◆ Work request ◆
Leave the pictures out. Return the rest of the listing below exactly.

★ ★ ★

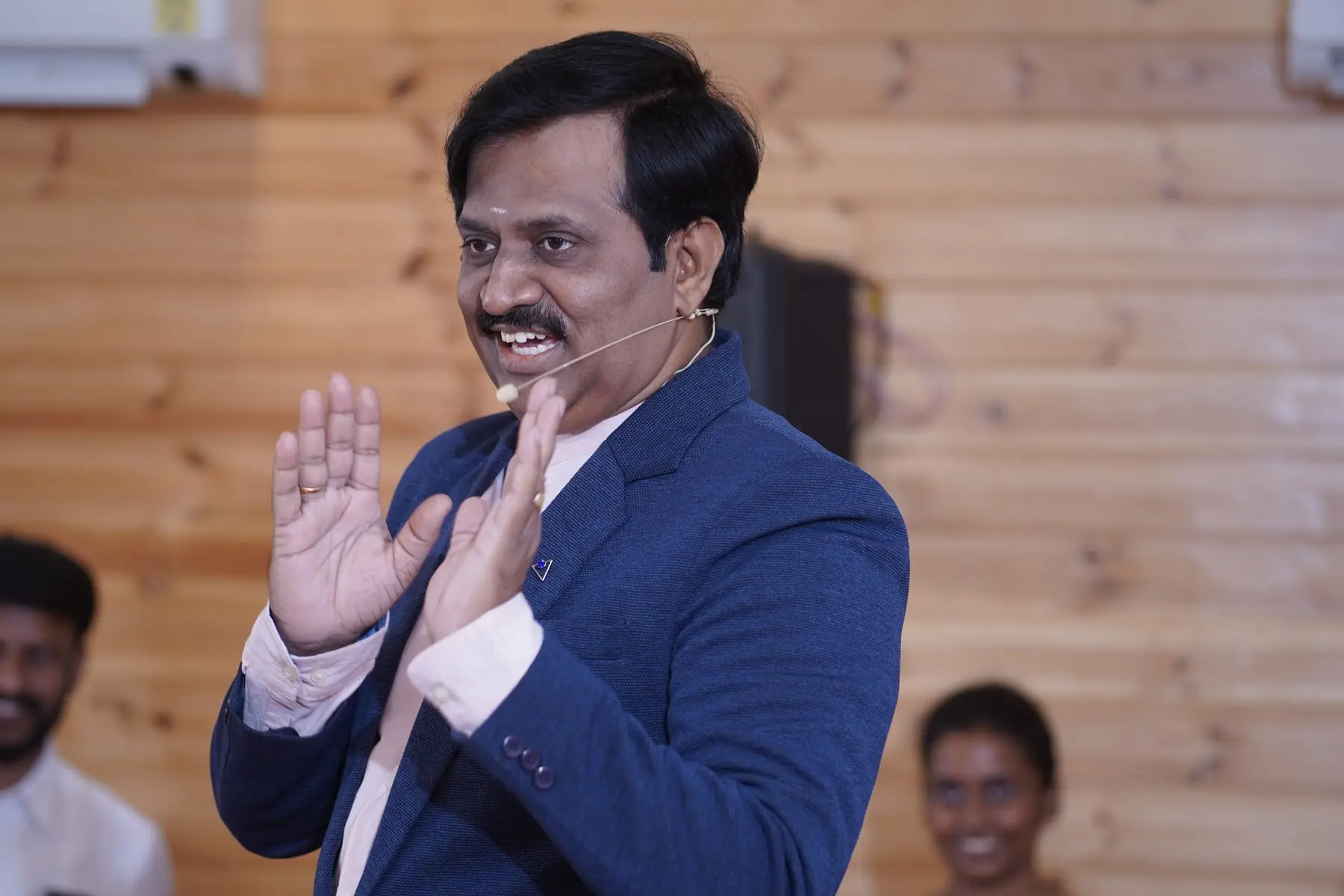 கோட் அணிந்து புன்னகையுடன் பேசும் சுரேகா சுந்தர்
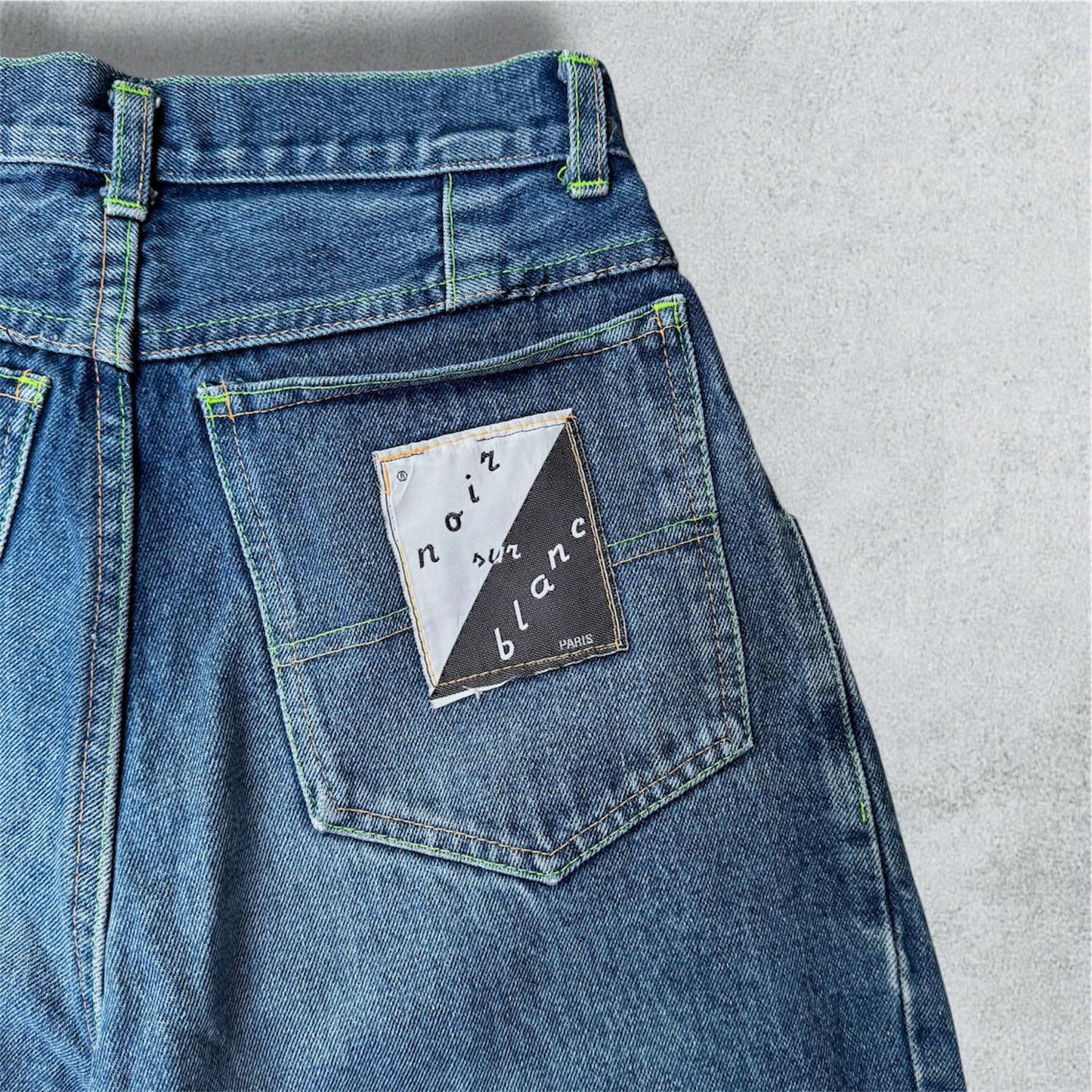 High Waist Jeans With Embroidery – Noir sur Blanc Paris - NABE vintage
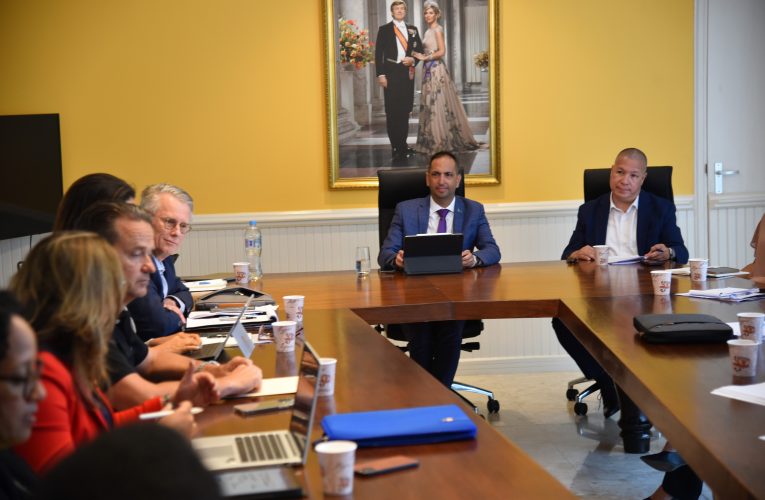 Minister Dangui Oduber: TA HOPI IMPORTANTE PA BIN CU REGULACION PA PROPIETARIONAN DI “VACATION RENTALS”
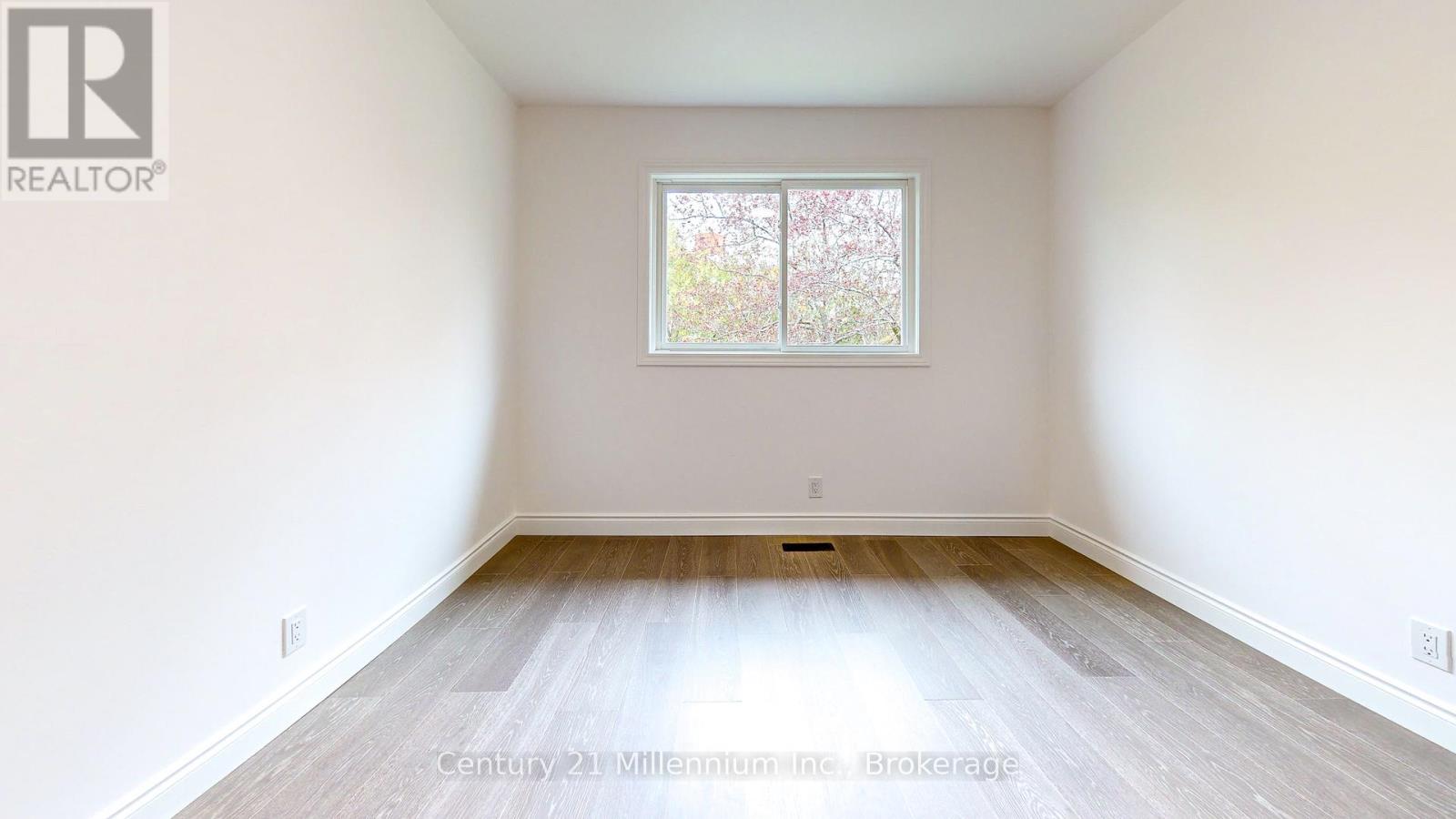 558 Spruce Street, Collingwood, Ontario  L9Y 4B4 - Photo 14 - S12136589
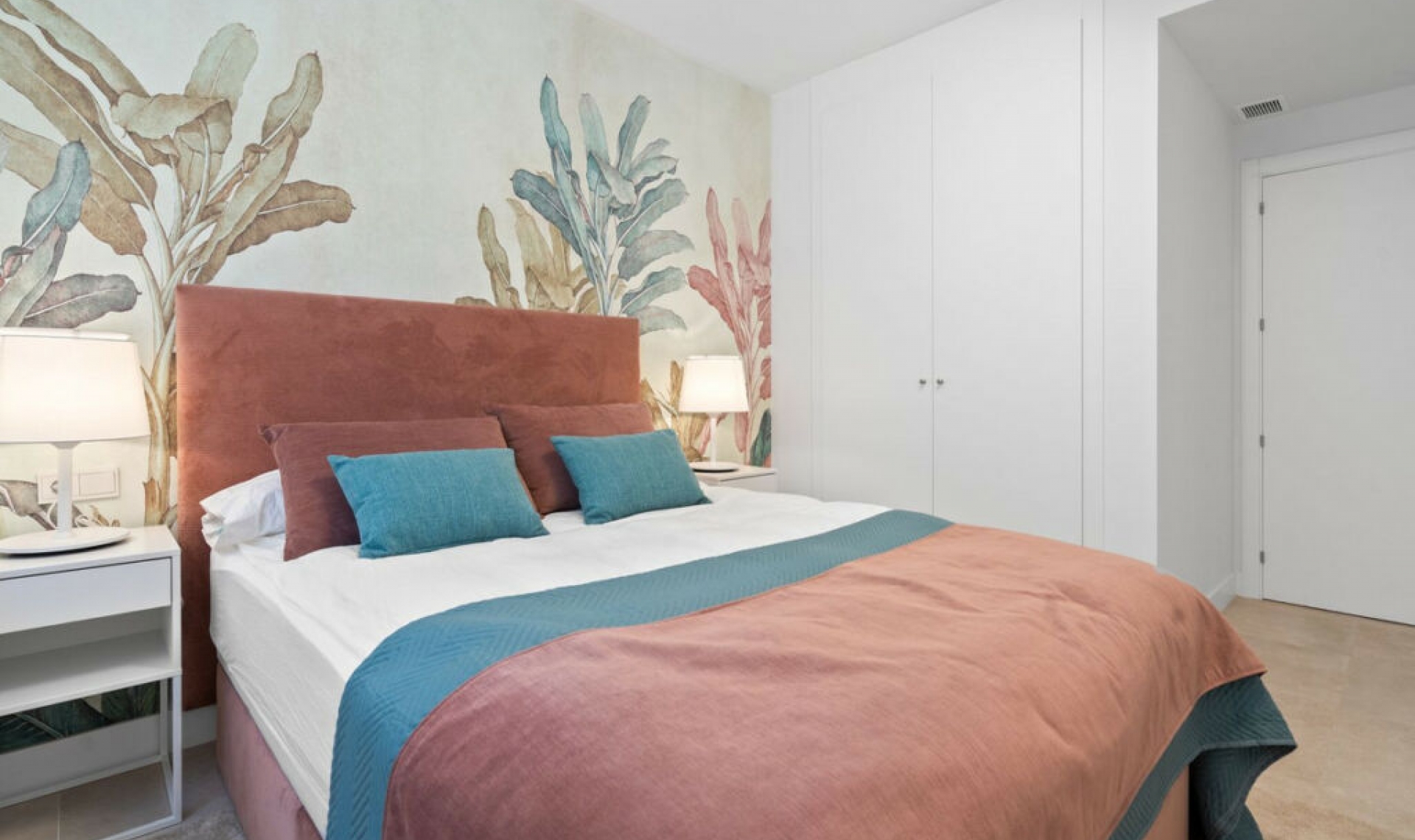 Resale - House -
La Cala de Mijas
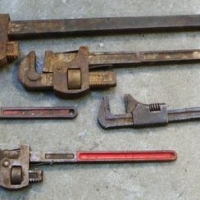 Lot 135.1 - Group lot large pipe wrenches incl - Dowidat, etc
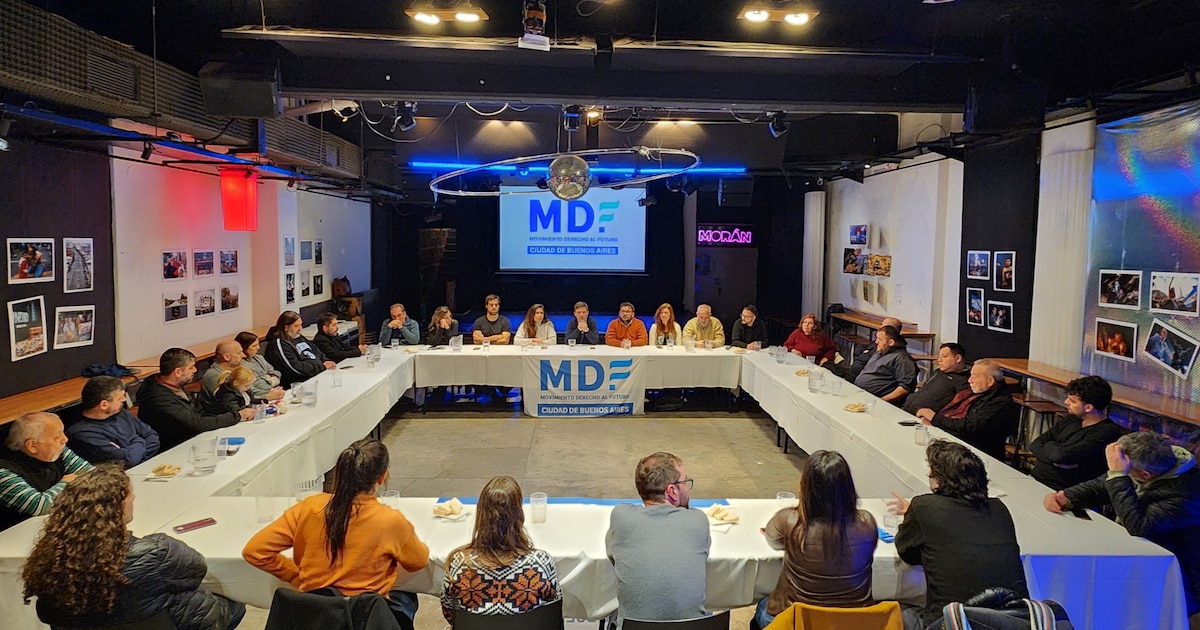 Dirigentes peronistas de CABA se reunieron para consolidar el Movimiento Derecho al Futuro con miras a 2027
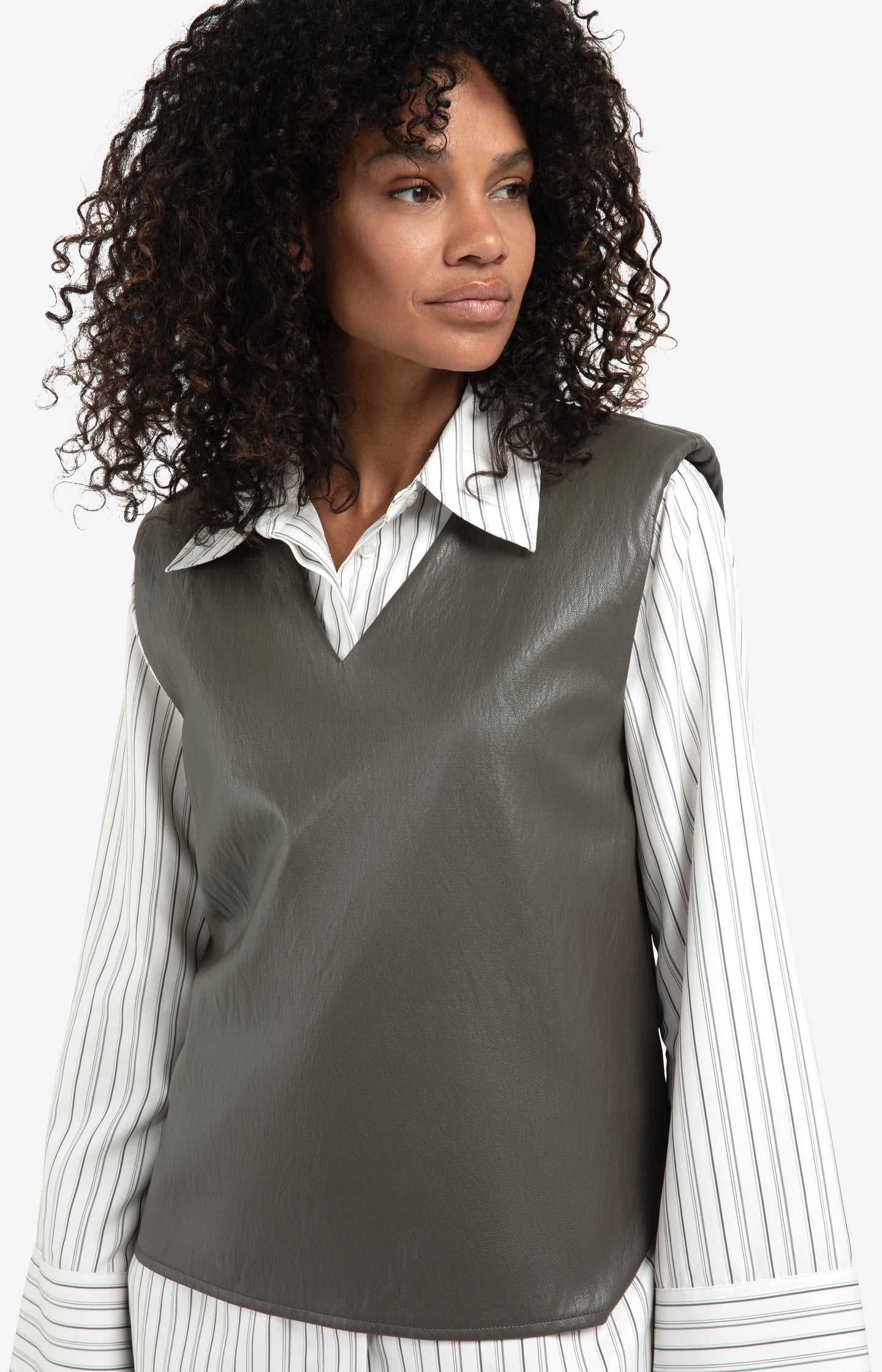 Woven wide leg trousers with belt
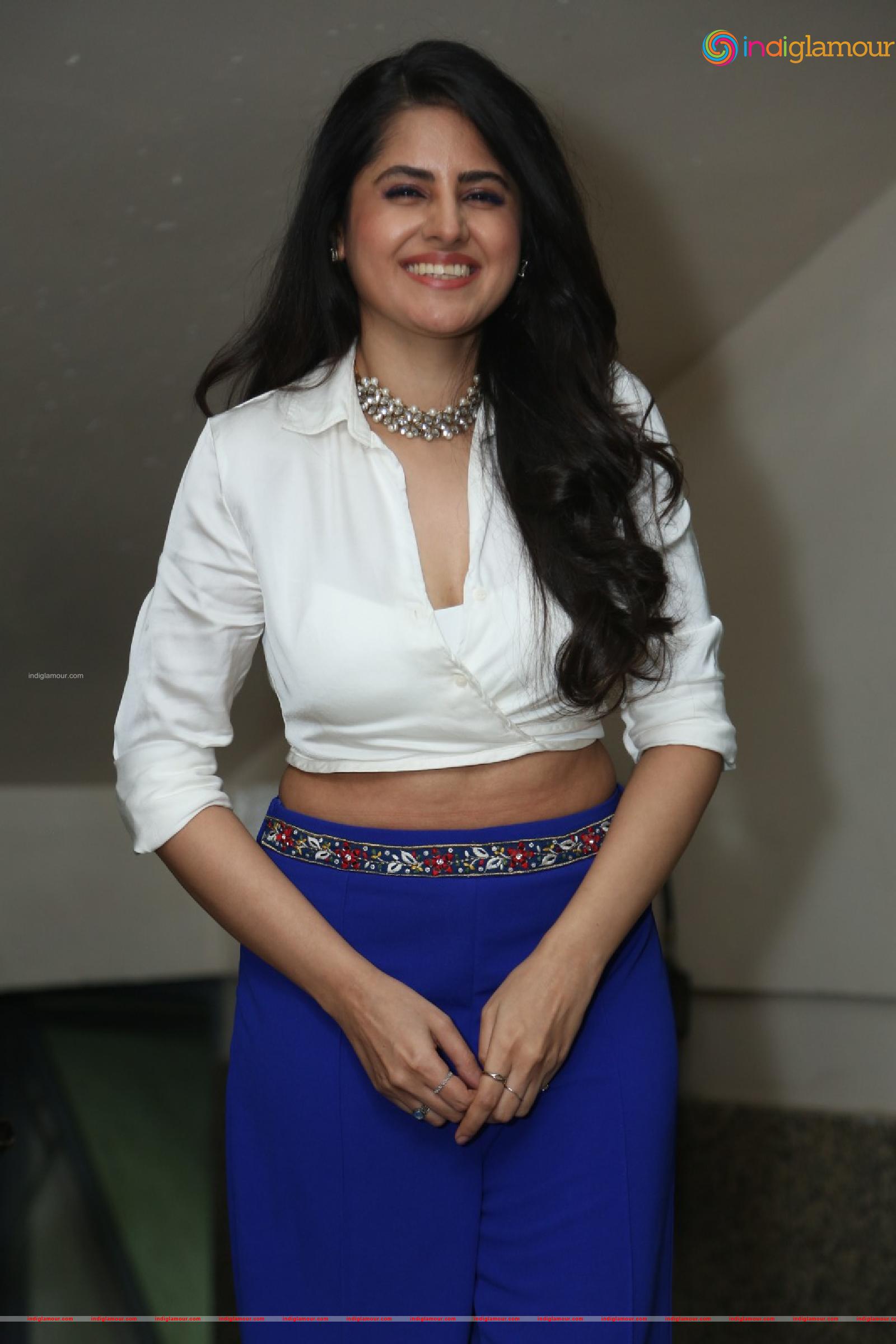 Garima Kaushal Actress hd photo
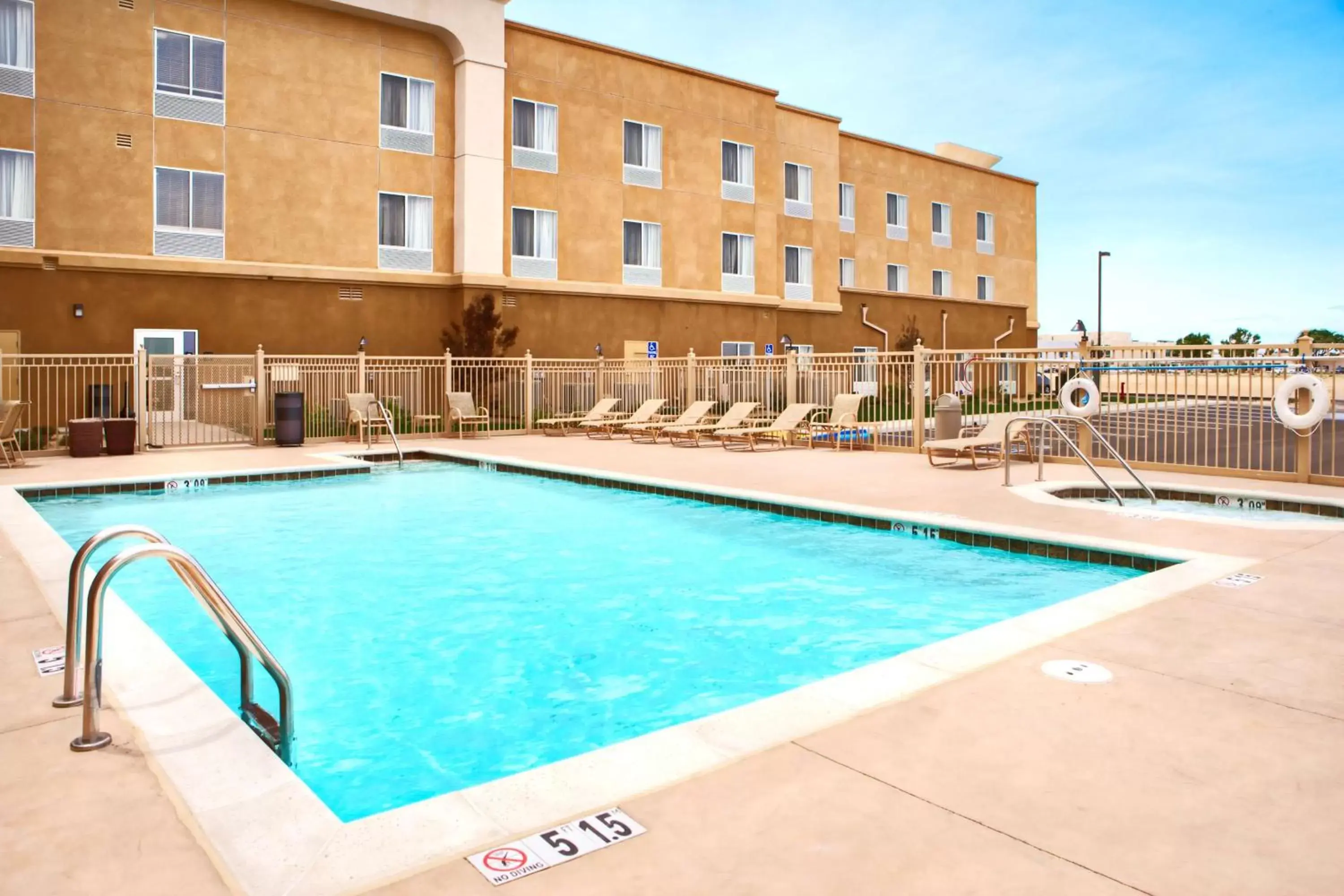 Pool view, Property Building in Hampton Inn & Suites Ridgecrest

★ ★ ★

◆ Reply ◆
 கோட் அணிந்து புன்னகையுடன் பேசும் சுரேகா சுந்தர்
 High Waist Jeans With Embroidery – Noir sur Blanc Paris - NABE vintage
 Minister Dangui Oduber: TA HOPI IMPORTANTE PA BIN CU REGULACION PA PROPIETARIONAN DI “VACATION RENTALS”
 558 Spruce Street, Collingwood, Ontario  L9Y 4B4 - Photo 14 - S12136589
 Resale - House -
La Cala de Mijas
 Lot 135.1 - Group lot large pipe wrenches incl - Dowidat, etc
 Dirigentes peronistas de CABA se reunieron para consolidar el Movimiento Derecho al Futuro con miras a 2027
 Woven wide leg trousers with belt
 Garima Kaushal Actress hd photo
 Pool view, Property Building in Hampton Inn & Suites Ridgecrest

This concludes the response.